Fine Art Photography Daily

Keiko Hiromi

I had the pleasure of meeting Keiko Hiromi in Boston at the Flash Forward Festival, and was intrigued by her series of drag queens.  Keiko is from Tokyo, but has called Boston home for a number of years.  She received a B.A. from Suffolk University and graduated from New England School of Photography in 2005. Much of her work looks at artifice and heightened entertainment, from the dance floor, to the stage, and even to the pulpit.
Her work has been exhibited nationally and internationally has received recognitions and awards, including The Griffin Museum Emerging Photographer Award, Project Basho Emerging Artist Award and “Best in Show” in The Photo Review. Keiko’s photographs are  in numerous private collections and have been favorably reviewed by Kotaro Iizawa, one of Japan’s most prominent photography critics. She was a finalist for the Pollux Award 2010, a Julia Margaret Cameron Award portfolio finalist, and will be exhibiting work at the 2012 Les Rencontres d’Arles in France.  Her work is available through the Panopticon Gallery.
Keiko has been documenting the drag culture in Boston for a number of years.  I am featuring her color work and her series, Jacques Cabaret 2007, Drag Queens 2011 & Jacques in Color.
 
Jacques Cabaret is one of the oldest drag queen venues in Boston, MA. I first went to Jacques Cabaret as a customer with a friend in 2007.  During my first experience at a full drag show, I recall having to sit uncomfortably with vodka in a plastic cup at table, surrounded by obnoxious bachelorette parties and really “tall women”. I felt completely out of place.  As soon as the show commenced, the performers and their stage presence blew me away. I became aware of their raw and uncut power.  There was no more discomfort. Since that time I’ve had to return again and again to document them.
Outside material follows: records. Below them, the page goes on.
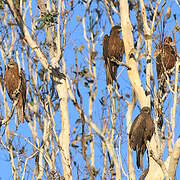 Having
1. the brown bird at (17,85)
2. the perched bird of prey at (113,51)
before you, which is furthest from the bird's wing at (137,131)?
the brown bird at (17,85)

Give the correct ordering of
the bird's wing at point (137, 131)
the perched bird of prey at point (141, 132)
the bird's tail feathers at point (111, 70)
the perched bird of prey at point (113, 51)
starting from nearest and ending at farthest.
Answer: the perched bird of prey at point (141, 132)
the bird's wing at point (137, 131)
the perched bird of prey at point (113, 51)
the bird's tail feathers at point (111, 70)

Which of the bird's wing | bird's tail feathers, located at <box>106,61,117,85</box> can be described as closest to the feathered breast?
bird's tail feathers, located at <box>106,61,117,85</box>

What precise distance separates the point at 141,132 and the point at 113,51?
1.44 metres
I worked on Jacques Cabaret 2007 for three months.  During my shooting time, I was often referred to as a Ninja photographer.  I was afforded the opportunity to get to know the queens and people at Jacques Cabaret, not just as subjects but also as individuals. On my first day approaching these entertainers in 2007, I asked them if I could photograph them. Mizery looked me over from the top of my head to my shoes from her dressing room and said “sure, rule with me is no photos while I am changing down there” and winked.

Since then I have garnered that each had a story and history. I feel grateful to have shared in the intimate details of their lives, through photography and intrapersonal relationships.
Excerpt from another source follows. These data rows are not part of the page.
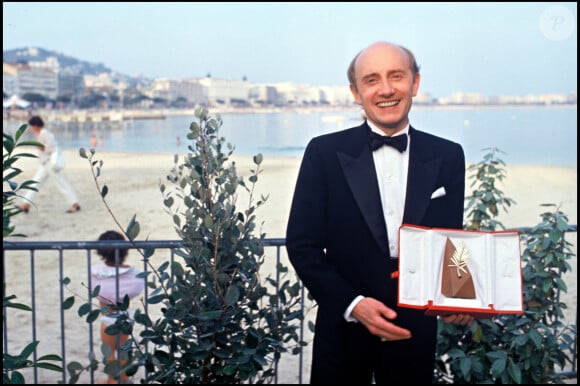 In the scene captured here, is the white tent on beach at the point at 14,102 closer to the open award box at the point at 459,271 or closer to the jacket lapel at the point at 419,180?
the jacket lapel at the point at 419,180

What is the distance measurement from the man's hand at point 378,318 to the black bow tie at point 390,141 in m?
0.51

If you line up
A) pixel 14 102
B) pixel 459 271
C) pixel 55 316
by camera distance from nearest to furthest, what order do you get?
pixel 459 271, pixel 55 316, pixel 14 102

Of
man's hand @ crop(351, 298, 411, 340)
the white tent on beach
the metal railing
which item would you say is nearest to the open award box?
man's hand @ crop(351, 298, 411, 340)

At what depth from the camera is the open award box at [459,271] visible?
1.87 meters

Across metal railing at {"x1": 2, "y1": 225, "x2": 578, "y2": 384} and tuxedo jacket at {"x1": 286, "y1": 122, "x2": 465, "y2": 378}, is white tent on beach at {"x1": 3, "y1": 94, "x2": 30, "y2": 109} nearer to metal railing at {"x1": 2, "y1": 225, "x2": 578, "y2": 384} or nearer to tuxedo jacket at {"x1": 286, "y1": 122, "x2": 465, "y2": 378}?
metal railing at {"x1": 2, "y1": 225, "x2": 578, "y2": 384}

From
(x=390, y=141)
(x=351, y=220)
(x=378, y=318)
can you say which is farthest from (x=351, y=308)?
(x=390, y=141)

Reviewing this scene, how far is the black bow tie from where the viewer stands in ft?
6.88

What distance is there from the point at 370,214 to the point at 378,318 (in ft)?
1.11

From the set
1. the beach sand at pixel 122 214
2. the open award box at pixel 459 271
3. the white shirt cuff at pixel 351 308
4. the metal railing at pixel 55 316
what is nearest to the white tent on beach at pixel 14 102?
the beach sand at pixel 122 214

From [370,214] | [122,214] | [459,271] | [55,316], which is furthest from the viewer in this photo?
[122,214]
Jojo, the cross dressing waiter was getting married to a long term girlfriend: Destiny, one of the drag performers, always took very little to get ready for the show, compared to others due to having had sex change operation.  Miss. Kris worked as a large size man’s cloth store as a day job.  When meeting Dahlia Black’s ex girl friend (remain her best friend after coming out), she smiled and said, “ if I was a straight boy, we would probably have been married with a couple kids by now.”
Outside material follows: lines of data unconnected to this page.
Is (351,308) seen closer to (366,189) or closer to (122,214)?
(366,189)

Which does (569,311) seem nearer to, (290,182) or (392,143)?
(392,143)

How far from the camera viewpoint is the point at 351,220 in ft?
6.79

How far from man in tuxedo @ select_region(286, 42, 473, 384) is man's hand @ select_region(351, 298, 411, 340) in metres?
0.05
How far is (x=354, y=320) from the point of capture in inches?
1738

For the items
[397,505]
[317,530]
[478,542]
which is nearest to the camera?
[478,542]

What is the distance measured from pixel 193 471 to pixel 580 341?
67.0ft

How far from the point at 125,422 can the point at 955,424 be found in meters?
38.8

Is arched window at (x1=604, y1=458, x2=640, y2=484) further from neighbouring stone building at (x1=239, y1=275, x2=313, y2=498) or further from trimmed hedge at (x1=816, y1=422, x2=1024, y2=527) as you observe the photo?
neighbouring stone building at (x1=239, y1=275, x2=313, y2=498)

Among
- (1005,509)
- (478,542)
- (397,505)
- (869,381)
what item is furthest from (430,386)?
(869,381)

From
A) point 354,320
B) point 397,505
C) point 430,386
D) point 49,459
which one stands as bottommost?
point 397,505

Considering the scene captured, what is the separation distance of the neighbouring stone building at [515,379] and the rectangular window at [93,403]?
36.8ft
I returned to photograph “Drag Queen 2011” at Jacques Cabaret last March right after the disaster in Japan. I changed my stance as a photographer. Rather than seek to minimalize my own presence as in the past (like a “fly on the wall”), I consciously acknowledged it this time. In 2006 I was afraid of everything. I feared that by being there it would have change the group dynamics of the environment and I would have ruined my “documentary photographs”. I realize now that “I” have to be there to make a picture.  My involvement with these individuals allows an entirely new perspective. I look for color, contrast, shapes, and enjoy putting my Jacques’s experiences into photographs.